#### EXERCISE:
Restate, exactly as written, the entries below from the line that holds "Chấm đỏ rải" through the line that holds "Fig. 1. Expression". Pictures are not part of the copy.

#### LISTED RECORDS:
:::

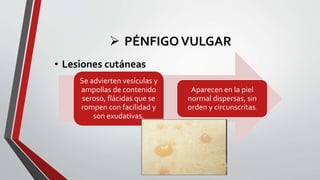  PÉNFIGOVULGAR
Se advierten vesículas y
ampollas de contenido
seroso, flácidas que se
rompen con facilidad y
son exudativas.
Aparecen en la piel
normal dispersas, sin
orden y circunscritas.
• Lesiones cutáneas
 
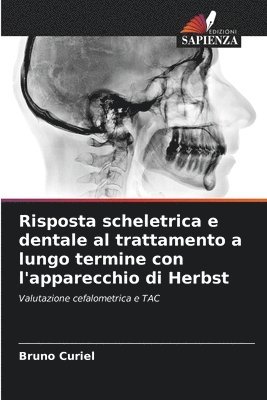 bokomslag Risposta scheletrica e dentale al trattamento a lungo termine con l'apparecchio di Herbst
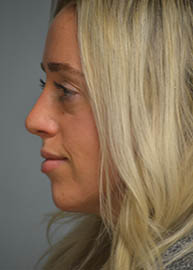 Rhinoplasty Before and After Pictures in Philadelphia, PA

:::

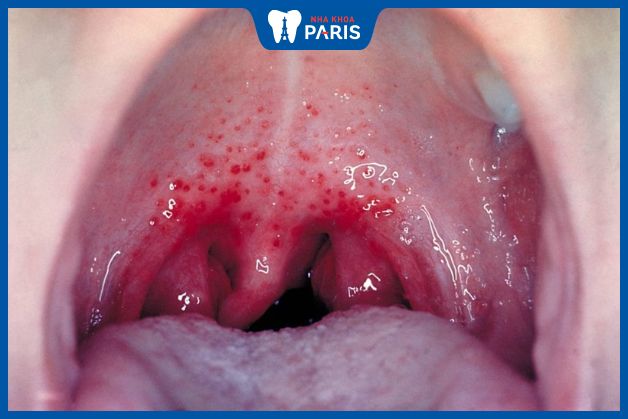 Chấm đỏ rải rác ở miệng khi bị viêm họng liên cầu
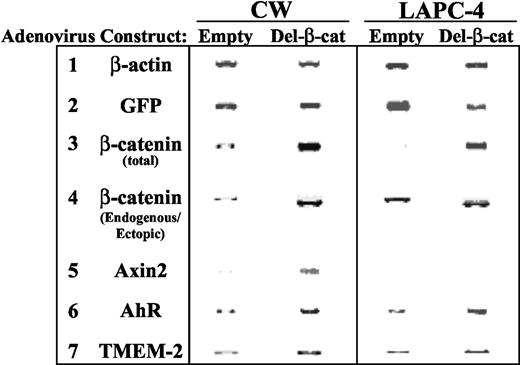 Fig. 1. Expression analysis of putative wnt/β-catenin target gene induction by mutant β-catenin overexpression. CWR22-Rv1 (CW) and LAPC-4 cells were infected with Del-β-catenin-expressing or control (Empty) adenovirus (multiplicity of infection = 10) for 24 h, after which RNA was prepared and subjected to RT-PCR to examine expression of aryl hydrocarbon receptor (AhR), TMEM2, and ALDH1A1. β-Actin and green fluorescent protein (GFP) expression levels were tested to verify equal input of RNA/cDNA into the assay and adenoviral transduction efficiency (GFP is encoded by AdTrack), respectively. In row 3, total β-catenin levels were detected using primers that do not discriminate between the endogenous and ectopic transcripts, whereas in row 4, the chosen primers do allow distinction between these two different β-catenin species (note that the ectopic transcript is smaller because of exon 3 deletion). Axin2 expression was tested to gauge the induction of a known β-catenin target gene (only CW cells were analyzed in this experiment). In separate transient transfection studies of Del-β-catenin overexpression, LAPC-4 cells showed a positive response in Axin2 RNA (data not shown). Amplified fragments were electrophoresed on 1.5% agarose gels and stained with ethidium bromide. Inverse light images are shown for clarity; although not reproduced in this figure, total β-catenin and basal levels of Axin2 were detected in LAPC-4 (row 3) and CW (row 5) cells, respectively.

:::

#### EXERCISE RESPONSE:
 Chấm đỏ rải rác ở miệng khi bị viêm họng liên cầu
 Fig. 1. Expression analysis of putative wnt/β-catenin target gene induction by mutant β-catenin overexpression. CWR22-Rv1 (CW) and LAPC-4 cells were infected with Del-β-catenin-expressing or control (Empty) adenovirus (multiplicity of infection = 10) for 24 h, after which RNA was prepared and subjected to RT-PCR to examine expression of aryl hydrocarbon receptor (AhR), TMEM2, and ALDH1A1. β-Actin and green fluorescent protein (GFP) expression levels were tested to verify equal input of RNA/cDNA into the assay and adenoviral transduction efficiency (GFP is encoded by AdTrack), respectively. In row 3, total β-catenin levels were detected using primers that do not discriminate between the endogenous and ectopic transcripts, whereas in row 4, the chosen primers do allow distinction between these two different β-catenin species (note that the ectopic transcript is smaller because of exon 3 deletion). Axin2 expression was tested to gauge the induction of a known β-catenin target gene (only CW cells were analyzed in this experiment). In separate transient transfection studies of Del-β-catenin overexpression, LAPC-4 cells showed a positive response in Axin2 RNA (data not shown). Amplified fragments were electrophoresed on 1.5% agarose gels and stained with ethidium bromide. Inverse light images are shown for clarity; although not reproduced in this figure, total β-catenin and basal levels of Axin2 were detected in LAPC-4 (row 3) and CW (row 5) cells, respectively.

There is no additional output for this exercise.